Süddeutsche Zeitung

"Er sagt, sie sagt" zu Freundlichkeit:"Zu mir bist du nie so nett"

Anderen gegenüber ist sie freundlich und zuvorkommend - zu ihm ist sie ruppig und nörgelig. Er findet das bedenklich. Sie hält es für ein Zeichen von Nähe.

Kolumne von Violetta Simon

Das Schlafzimmer liegt im Dunkeln. Ein Telefon klingelt. Sie tastet nach ihrem Handy, meldet sich, setzt sich auf und flötet: "Aber nein, ich war schon wach!

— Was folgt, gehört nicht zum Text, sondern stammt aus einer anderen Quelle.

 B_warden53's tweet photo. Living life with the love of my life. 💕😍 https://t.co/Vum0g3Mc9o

Und, was gibt's?" Sie verschwindet aus dem Zimmer und kehrt fünf Minuten später zurück.

Er: Wer war das denn so früh?

Sie: Mein Kollege aus der Rechtsabteilung.

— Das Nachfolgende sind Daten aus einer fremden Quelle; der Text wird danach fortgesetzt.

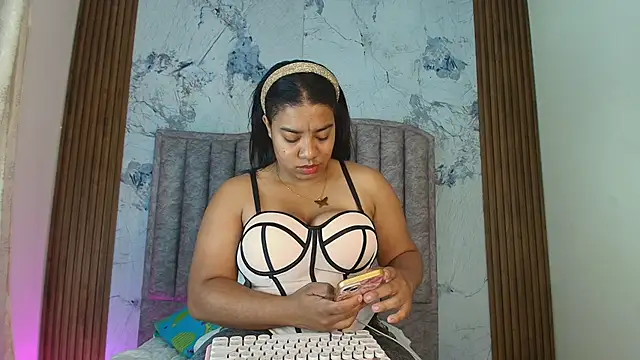 kendrakaramelo online show from February 14, 2026, 5:10 pm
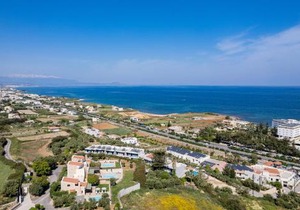Stavromenos Villas - Private Pools & Seaview - 500m from Beach
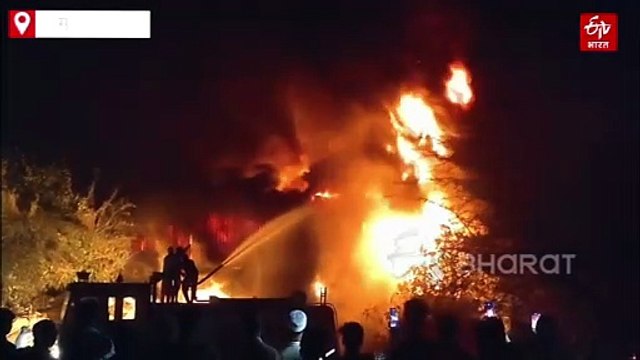 बुरहानपुर के प्लास्टिक गोदाम में भीषण आग, आग बुझाने में 20 दमकल वाहनों के निकले दम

Er: Ich wusste gar nicht, dass du um die Uhrzeit schon ganze Worte herausbringst. Geschweige denn so freundlich sein kannst.

Sie: Warum sollte ich denn unfreundlich sein?

Er: Weil es saufrüh ist? Weil er uns geweckt hat? Weil wir frei haben? Weil heute mein Geburtstag ist? Weil ...

Sie: Oh mein Gott, fast hätte ich es vergessen - alles Gute, mein Dicker!

Er: Guck: Zu mir bist du nie so nett.

Sie: Das stimmt nicht!

Er: Jedenfalls nicht so nett wie zu deinen Kollegen. Und das, obwohl sie so rücksichtslos sind. Hat dein werter Kollege mir wenigstens Glückwünsche ausrichten lassen?

Sie: Aber nein, woher sollte er denn so etwas wissen!

Er: Immer hast du eine Entschuldigung für diese Leute. Genau wie am Freitag, als der Spätdienst kurz vor Mitternacht anrief. Konnte der etwa auch nicht wissen, dass man um diese Uhrzeit womöglich schläft?

Sie: Du klingst wie ein Beamter.

Er: Und du tust, als wärst du die Chefin der Kinderchirurgie. Oder die Außenministerin. Du weißt schon, dass du in einem mittelständischen Unternehmen arbeitest? Aber statt deinem Chef mal ordentlich die Meinung zu sagen, hast du in den Hörer geflötet "Kein Problem, ich hatte ohnehin nichts besseres zu tun!" Wie kannst du nur so etwas sagen, wenn ich gerade an deinem Zeh nuckle?!?

Sie: Hätte ich ihm etwa die Wahrheit sagen sollen?

Er: Gerade eben wäre es zumindest durchaus angebracht gewesen. "Ich war schon wach!" - das ist wirklich die größte Übertreibung, die ich je aus deinem Mund gehört habe. Dein Puls war quasi nicht vorhanden! Wenn ich mich mal ganz dezent an dich rankuscheln will, krieg ich nur ein gemurmeltes "hauab" zu hören. Aber wenn dein Kollege ruft, erwachst du plötzlich von den Toten und stehst senkrecht im Bett.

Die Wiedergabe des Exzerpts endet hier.